Finasteride, widely prescribed for androgenetic alopecia, has long been suspected of causing severe neuropsychiatric reactions, including depression, anxiety, and suicidality, even after the drug is discontinued. This study systematically reviews evidence that supports this suspicion and analyzes the reasons for this delayed recognition. Concerns about depression from finasteride were raised in several studies as early as 2002. Between the years 2017 and 2023, 4 independent analyses of adverse event reporting systems and 4 studies using data mining of healthcare records indicated a significant increase in the risk for depression, anxiety, and/or suicidal behavior with the use of finasteride.
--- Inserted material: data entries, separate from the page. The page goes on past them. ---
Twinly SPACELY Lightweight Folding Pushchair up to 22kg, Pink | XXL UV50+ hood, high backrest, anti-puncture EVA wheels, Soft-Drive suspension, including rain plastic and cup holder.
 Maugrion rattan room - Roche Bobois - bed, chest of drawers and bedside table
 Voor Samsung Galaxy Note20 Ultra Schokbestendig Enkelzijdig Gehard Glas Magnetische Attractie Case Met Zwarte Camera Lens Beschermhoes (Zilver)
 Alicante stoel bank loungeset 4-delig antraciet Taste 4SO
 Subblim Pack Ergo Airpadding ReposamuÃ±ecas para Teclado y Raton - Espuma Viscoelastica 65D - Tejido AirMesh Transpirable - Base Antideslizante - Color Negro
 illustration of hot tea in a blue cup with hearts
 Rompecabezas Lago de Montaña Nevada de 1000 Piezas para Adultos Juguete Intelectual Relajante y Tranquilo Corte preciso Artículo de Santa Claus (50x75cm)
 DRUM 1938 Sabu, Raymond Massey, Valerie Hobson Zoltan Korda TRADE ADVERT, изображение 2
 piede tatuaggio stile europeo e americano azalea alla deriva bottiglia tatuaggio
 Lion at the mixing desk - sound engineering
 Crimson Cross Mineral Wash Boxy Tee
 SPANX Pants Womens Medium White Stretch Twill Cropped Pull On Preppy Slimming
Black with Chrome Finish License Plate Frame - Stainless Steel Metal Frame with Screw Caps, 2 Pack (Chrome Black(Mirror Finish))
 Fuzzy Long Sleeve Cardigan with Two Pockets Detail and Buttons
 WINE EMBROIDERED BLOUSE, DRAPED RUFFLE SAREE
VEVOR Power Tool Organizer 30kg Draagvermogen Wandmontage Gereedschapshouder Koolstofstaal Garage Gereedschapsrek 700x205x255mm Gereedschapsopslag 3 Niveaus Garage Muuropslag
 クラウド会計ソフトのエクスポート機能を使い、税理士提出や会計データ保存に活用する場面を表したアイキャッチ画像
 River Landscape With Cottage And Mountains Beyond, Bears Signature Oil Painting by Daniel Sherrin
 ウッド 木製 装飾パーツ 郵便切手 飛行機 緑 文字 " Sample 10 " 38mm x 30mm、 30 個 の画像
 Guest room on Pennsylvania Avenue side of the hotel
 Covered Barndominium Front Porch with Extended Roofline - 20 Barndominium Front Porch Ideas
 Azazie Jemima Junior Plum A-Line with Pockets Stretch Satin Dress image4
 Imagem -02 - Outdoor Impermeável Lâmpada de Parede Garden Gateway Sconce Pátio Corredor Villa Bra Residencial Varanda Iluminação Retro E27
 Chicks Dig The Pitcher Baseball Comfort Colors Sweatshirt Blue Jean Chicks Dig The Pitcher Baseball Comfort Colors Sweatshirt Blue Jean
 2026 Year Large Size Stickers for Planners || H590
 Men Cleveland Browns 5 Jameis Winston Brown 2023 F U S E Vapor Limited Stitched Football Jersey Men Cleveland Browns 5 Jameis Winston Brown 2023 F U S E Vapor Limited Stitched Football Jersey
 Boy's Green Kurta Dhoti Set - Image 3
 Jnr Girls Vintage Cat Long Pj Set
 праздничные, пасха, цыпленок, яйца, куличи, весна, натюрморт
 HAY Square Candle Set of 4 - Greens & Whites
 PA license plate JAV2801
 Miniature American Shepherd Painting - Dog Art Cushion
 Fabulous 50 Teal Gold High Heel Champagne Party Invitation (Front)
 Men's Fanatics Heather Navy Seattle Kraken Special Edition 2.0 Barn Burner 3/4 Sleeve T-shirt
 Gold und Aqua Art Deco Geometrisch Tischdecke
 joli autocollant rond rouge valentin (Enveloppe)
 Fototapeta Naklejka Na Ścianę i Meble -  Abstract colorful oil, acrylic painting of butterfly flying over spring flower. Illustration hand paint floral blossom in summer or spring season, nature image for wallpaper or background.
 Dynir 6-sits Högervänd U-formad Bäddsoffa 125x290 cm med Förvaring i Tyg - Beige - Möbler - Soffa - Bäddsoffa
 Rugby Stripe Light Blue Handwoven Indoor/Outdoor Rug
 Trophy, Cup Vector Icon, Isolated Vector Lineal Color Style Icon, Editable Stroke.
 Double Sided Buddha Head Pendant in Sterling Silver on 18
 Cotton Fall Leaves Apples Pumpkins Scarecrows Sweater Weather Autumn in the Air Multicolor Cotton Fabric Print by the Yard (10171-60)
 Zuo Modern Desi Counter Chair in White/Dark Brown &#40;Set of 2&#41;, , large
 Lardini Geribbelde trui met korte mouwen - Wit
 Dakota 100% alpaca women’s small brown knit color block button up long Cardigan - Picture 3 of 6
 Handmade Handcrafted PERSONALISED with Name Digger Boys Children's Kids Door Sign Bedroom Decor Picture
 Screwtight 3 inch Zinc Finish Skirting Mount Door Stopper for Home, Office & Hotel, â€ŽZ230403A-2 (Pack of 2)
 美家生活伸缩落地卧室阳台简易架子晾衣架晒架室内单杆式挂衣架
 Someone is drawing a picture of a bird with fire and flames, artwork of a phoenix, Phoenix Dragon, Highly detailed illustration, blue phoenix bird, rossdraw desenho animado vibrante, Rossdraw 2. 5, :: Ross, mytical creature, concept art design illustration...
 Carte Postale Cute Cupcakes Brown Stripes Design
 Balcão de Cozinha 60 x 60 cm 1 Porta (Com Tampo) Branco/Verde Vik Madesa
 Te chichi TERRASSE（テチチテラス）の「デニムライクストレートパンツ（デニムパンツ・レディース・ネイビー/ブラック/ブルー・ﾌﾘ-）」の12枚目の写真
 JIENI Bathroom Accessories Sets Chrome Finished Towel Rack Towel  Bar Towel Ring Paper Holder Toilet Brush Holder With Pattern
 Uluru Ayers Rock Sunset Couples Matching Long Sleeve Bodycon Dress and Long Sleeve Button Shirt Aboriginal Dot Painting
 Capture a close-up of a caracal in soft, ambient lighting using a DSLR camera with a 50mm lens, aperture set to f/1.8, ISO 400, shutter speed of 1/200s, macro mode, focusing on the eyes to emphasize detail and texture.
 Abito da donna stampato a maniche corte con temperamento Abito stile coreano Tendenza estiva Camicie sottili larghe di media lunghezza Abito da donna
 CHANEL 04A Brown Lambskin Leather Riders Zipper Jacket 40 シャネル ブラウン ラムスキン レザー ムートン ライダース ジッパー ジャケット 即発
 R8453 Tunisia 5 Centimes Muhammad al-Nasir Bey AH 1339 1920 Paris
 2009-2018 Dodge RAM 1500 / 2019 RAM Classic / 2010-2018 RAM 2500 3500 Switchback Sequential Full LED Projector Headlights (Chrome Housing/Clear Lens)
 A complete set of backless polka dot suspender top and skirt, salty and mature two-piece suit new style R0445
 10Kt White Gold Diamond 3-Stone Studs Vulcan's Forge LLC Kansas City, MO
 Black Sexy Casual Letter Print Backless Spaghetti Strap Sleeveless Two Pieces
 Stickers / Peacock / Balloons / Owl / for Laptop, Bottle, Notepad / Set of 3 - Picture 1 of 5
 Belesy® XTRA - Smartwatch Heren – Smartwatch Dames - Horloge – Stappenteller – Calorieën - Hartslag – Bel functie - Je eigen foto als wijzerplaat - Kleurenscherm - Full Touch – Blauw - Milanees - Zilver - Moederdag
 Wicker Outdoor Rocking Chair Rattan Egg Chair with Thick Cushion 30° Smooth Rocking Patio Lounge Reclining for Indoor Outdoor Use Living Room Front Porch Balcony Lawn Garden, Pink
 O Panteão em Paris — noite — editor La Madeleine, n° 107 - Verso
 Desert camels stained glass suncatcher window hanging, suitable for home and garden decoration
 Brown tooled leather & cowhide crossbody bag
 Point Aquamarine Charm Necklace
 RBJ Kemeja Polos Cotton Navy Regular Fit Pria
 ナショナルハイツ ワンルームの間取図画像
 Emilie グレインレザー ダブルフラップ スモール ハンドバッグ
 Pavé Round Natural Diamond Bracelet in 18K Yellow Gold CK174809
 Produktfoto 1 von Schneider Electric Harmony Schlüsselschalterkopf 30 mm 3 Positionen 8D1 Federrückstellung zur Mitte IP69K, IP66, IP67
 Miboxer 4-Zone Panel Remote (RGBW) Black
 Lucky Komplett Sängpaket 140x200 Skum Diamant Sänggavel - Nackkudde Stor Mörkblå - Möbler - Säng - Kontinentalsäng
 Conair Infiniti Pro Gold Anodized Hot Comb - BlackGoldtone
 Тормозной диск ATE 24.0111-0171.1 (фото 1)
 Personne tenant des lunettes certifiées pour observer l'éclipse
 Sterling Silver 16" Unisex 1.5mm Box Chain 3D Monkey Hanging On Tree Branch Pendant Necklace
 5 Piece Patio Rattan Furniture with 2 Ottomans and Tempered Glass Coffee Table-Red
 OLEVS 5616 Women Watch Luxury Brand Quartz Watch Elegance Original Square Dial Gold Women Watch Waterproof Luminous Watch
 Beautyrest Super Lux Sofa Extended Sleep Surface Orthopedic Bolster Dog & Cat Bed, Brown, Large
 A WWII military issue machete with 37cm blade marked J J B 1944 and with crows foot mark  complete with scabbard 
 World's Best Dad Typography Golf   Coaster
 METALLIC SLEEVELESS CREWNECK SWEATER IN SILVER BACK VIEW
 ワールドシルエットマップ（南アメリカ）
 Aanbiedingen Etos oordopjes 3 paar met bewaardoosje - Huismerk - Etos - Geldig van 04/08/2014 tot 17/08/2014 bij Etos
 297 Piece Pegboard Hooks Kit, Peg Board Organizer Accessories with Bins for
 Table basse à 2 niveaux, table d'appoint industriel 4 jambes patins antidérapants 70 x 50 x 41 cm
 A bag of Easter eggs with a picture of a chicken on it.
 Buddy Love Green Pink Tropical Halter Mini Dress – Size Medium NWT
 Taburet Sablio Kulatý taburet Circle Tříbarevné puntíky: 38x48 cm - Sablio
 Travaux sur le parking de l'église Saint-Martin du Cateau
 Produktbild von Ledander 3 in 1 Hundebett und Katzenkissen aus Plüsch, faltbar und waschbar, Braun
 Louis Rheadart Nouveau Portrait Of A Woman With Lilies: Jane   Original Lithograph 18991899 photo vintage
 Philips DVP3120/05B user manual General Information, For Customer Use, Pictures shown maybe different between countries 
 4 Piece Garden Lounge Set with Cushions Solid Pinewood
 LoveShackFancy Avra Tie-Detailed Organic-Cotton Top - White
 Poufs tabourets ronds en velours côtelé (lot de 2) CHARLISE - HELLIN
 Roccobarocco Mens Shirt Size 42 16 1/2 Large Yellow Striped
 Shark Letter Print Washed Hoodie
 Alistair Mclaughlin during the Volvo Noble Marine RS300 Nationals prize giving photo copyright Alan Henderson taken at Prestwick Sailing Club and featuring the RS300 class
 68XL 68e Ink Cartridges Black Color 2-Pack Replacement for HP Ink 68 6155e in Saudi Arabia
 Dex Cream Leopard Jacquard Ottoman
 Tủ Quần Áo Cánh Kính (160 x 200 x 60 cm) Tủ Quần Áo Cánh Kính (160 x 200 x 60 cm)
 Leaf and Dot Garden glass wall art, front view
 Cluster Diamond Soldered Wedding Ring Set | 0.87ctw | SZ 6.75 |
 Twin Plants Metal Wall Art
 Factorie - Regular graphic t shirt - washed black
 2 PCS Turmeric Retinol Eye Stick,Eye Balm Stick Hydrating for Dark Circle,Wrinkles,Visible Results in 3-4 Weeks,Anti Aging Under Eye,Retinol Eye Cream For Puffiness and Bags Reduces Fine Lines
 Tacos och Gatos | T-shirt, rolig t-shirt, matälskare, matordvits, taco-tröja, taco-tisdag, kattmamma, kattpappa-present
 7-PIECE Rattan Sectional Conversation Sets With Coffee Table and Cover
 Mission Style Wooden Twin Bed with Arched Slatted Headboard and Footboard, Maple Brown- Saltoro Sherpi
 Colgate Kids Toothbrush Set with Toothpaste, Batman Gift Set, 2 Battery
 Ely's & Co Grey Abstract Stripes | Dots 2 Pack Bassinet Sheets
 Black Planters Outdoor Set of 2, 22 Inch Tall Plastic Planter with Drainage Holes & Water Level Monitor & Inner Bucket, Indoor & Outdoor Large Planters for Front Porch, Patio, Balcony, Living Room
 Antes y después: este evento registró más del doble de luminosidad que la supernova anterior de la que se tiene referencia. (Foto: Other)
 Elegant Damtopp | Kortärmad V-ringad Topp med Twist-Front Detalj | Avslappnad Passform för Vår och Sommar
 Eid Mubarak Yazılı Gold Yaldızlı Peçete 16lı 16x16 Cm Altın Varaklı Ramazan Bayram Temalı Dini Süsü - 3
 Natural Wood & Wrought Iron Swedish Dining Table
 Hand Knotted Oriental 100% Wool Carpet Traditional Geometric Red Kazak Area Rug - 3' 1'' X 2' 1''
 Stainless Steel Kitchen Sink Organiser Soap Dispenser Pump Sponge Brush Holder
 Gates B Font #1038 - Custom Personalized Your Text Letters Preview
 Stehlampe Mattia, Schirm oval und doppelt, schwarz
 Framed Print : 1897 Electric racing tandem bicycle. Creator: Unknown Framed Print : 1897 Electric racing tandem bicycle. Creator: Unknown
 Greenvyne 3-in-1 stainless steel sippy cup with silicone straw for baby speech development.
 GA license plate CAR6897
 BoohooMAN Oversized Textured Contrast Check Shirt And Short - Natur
There has been, therefore, a two-decade delay in the realization of the incidences and the gravity of neuropsychiatric effects, allowing harm from a medicine prescribed for a cosmetic indication of hair loss. Over 20 years worldwide, hundreds of thousands may have endured depression, and hundreds may have died by suicide. According to the precautionary principle, such a risk from a cosmetic medication suggests a benefit-to-harm balance that justifies action to protect the public, and the burden of proving that the intervention is not harmful falls on manufacturers. The long delay in recognizing the risks associated with finasteride exposure includes the manufacturer’s failure to perform and publish simple pharmacovigilance studies using database analyses and regulators’ failure to request such studies from the manufacturer or to perform them. Current evidence shows that finasteride use can cause depression and suicidality. A historical literature review discloses gaps between research evidence and regulatory steps. The lesson is that before approving a medication for the market, regulators should require manufacturers to commit to performing and disclosing ongoing postapproval analytical studies, and this requirement needs to be enforced.